Plus largement encore, il est question d’articulation et de transversalité entre les différentes politiques, où l’État est garant de justice sociale, pour tenter de trouver des moyens d’action structurels pour changer le sort des groupes défavorisés. Les liens avec la lutte contre la pauvreté et l’exclusion sociale, du marché du travail, d’une politique en matière de logement et d’urbanisme, d’une politique d’éducation et de santé, d’une politique en matière d’accès au territoire, etc. ont été mis en avant pour que le secteur devienne (ou reste) celui de l’accueil pour tous ceux qui ne trouvent pas de place ailleurs.

C’est dans ce contexte que nous parlons de gouvernance urbaine à travers des réseaux d’acteurs contextualisés. Il s’agit de retrouver (et pas de diluer) une légitimité démocratique de la décision collective (Blondiaux, 2008) par l’articulation entre différents partenaires (politiques, associatifs ou sans-abri) qui permette de mieux construire une action cohérente, solidaire, de qualité et durable. Mais pour cela, il faut que tous les acteurs présents acceptent qu’ils ne possèdent pas à eux seuls la clé du succès. Dans le contexte bruxellois, cette articulation devrait permettre de sortir du blocage tant critiqué ces dernières dix années.

[1Collège réuni de la Commission communautaire commune – Note de politique générale en matière de politique d’aide aux sans-abri, juin 2007.

[2Santé mentale et exclusion sociale-Belgique ; un service qui promeut un savoir et des actions croisées entre le secteur de l’aide aux sans-abri et celui de la santé mentale.

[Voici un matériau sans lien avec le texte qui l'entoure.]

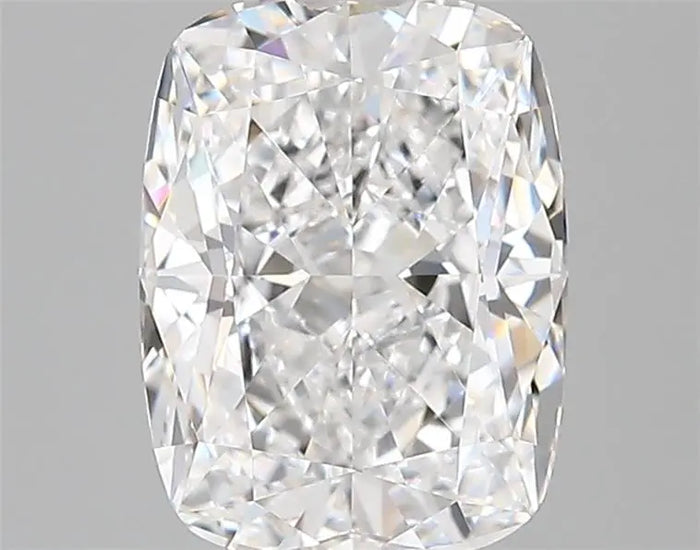 2.65 Carat · CUSHION · D · FL · IGI · Excellent Cut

[3Collège, 2007 et www.weblex.irisnet.be/data/Arccc/Biq/2004-05/00007/F/images.pdf 16-03-2005 BIQ (2004-2005) N°74.

[4Cette position peut être aussi critiquée à la lumière d’études plutôt ethnographiques qui trouvent que les sans-abri ont des ancrages différents avec des lieux, par exemple, les gares.

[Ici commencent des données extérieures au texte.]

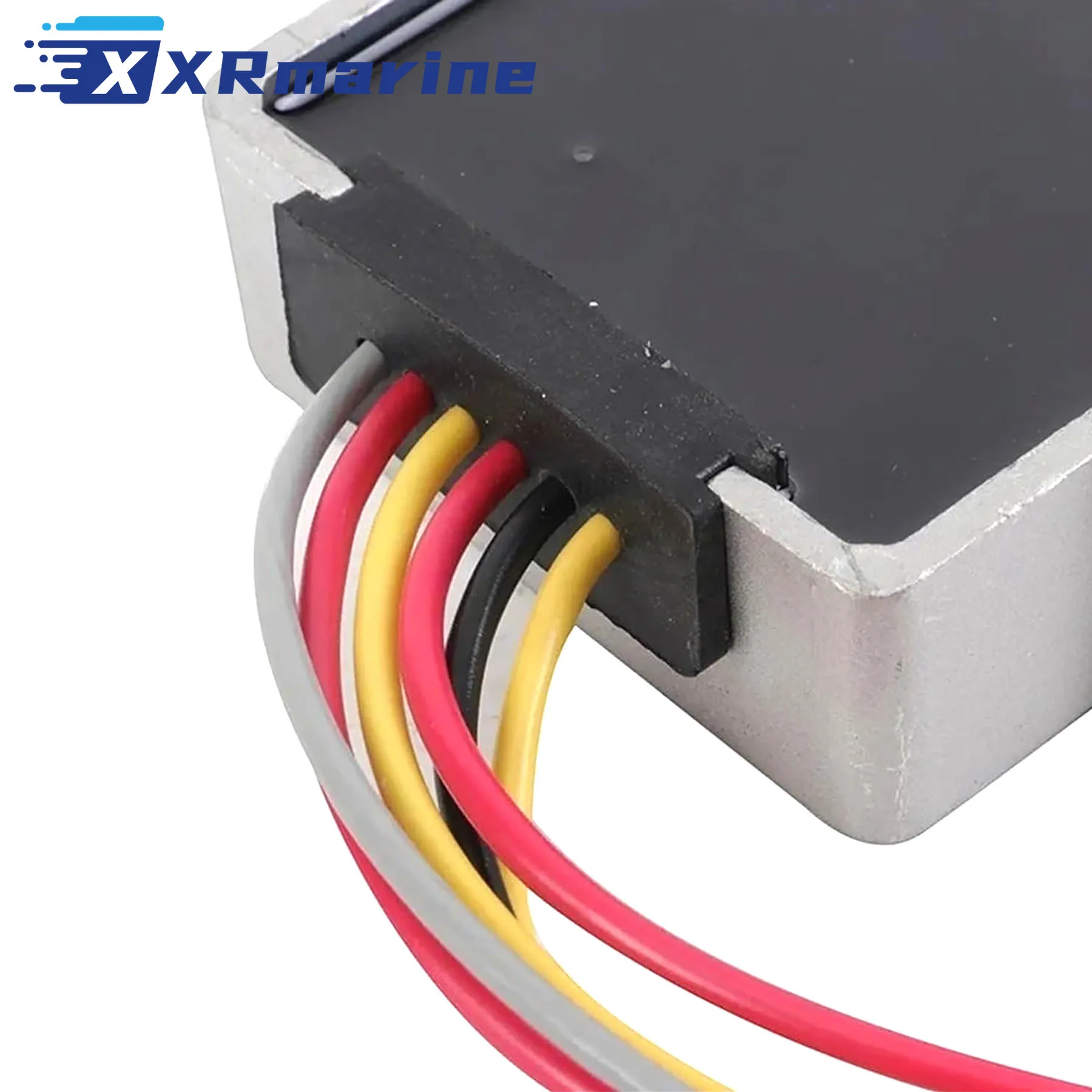 12V 6 Wires Rectifier Regulator Assy for Mercury Mariner 8152793 815279T 8152795 856748 8301792 854515 854515T1 883072T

[5Bruxelles assure la moitié des places (1000 des 2000) de Bruxelles-Wallonie.

[6« Pas encore plus de lit, de bain, de pain » Ce service, créé par plusieurs partenaires à Roeselaere, propose un accueil à bas seuil d’accès pour des personnes avec des problématiques d’assuétudes ou psychiatriques. La formule peut être résumée ainsi : il faut un endroit où elles peuvent se poser pour un certain temps sans obligation directe de suivi psychosocial ou de résultat direct pour leur laisser du temps et du repos. Le rôle des travailleurs sociaux est d’être là quand une demande émerge (Hermans, De Coster, Van Audenhove, 2007).

[7Notons encore qu’à partir des chiffres du dénombrement de 2008 et de 2010, plusieurs acteurs dans le secteur estiment le nombre de personnes « clochardisées » ou « chroniques » à environ un septième de toutes les personnes qui fréquentent les services d’aide aux sans-abri (maisons d’accueil et urgence sociale). Les profils des personnes sont donc en majorité plus hétérogènes et invitent à des approches de travail social plus diversifiées.

[8Actuellement les « sans-papiers » ne peuvent rester que quelques jours après leur premier accueil au Samusocial.

[9En matière de toxicomanie cela fonctionne mieux, comme le montre l’asbl Transit dont le conseil d’administration est composé de directeurs d’une majorité des CPAS bruxellois.